RAUM, Judge: The Commissioner determined deficiencies in petitioners' Federal income taxes as follows:
| Tax Year Ended | Deficiency |
| December 31, 1969 | $4,136.48 |
| December 31, 1970 | 2,899.15 |
| December 31, 1971 | 2,698.09 |
At issue are: (1) whether petitioners are entitled to a theft loss deduction in the amount of $387,736, and (2) whether certain legal fees incurred by petitioners are deductible. FINDINGS OF FACT
The parties have filed a stipulation of facts and two supplemental stipulations which, along with the exhibits attached thereto, are incorporated herein by this reference.
Petitioners, husband and wife, resided in Los Angeles County, California, at the time they filed their petition. Eva J. Schiers is the third wife of Wallace L. Schiers ("petitioner"). For the years 1969, 1970 and 1971 they filed joint income tax returns.
During the years 1969, 1970 and 1971, petitioner was employed by the Dow Chemical Company and his wife by Trans World Airlines, Inc. Their combined salaries or wages for these years were $24,302.87, $21,381.06 and $20,786.96, respectively. Their only other reported gross income for these years consisted of comparatively small amounts of interest received ($64.46, $185.71 and $98.81, respectively). However, petitioners reported no taxable income for any of these years because of large deductions claimed in respect of alleged theft or fraud losses sustained by Mr. Schiers arising out of events connected with his having been charged with the murder of his second wife in 1957. Such deductions are the principal matters here in controversy. The amounts and theories of these claimed deductions have varied from time to time, as indicated at least in petitioners' various returns for the three tax years, which will be described more fully hereinafter.

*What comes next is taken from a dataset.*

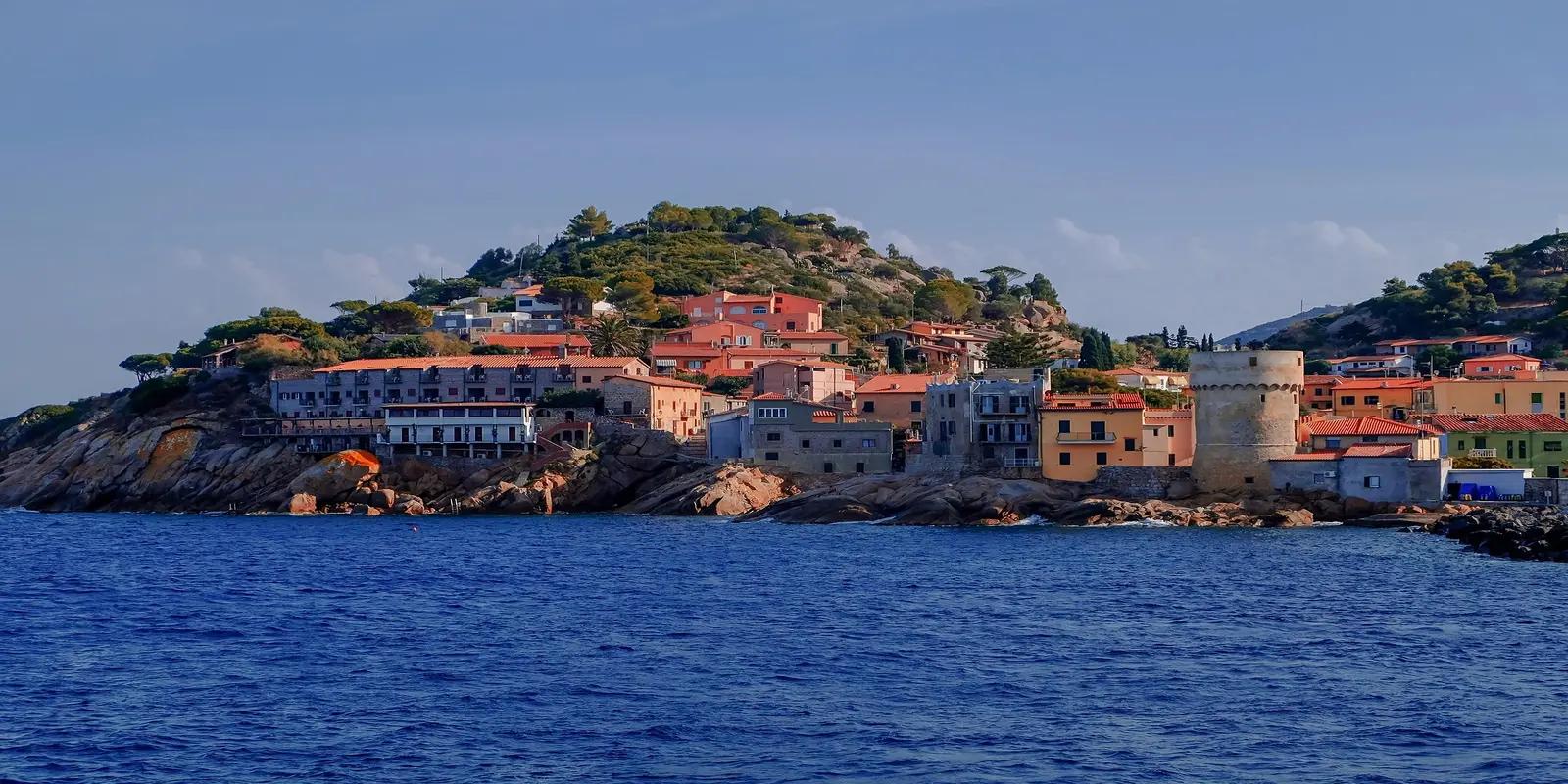 Giglio Porto, Italy, featuring colorful buildings nestled on a rocky hillside overlooking the deep blue sea.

Petitioner married his second wife (Lillian R. Schiers, referred to hereinafter at times as "Mrs. Schiers") in Las Vegas in April, 1952. She had also been previously married. He was then in the United States Air Force and was stationed in California. She had formerly lived in Chicago. After their marriage she lived with petitioner in California until the end of December, 1952, when they separated. At some time, not shown in the record, petitioner was transferred to Salina, Kansas, but he and Mrs. Schiers did "get together" occasionally during their separation. He was released from the Air Force in July, 1953, when he and his wife resumed living together in California. They separated again for about two weeks around February of 1955.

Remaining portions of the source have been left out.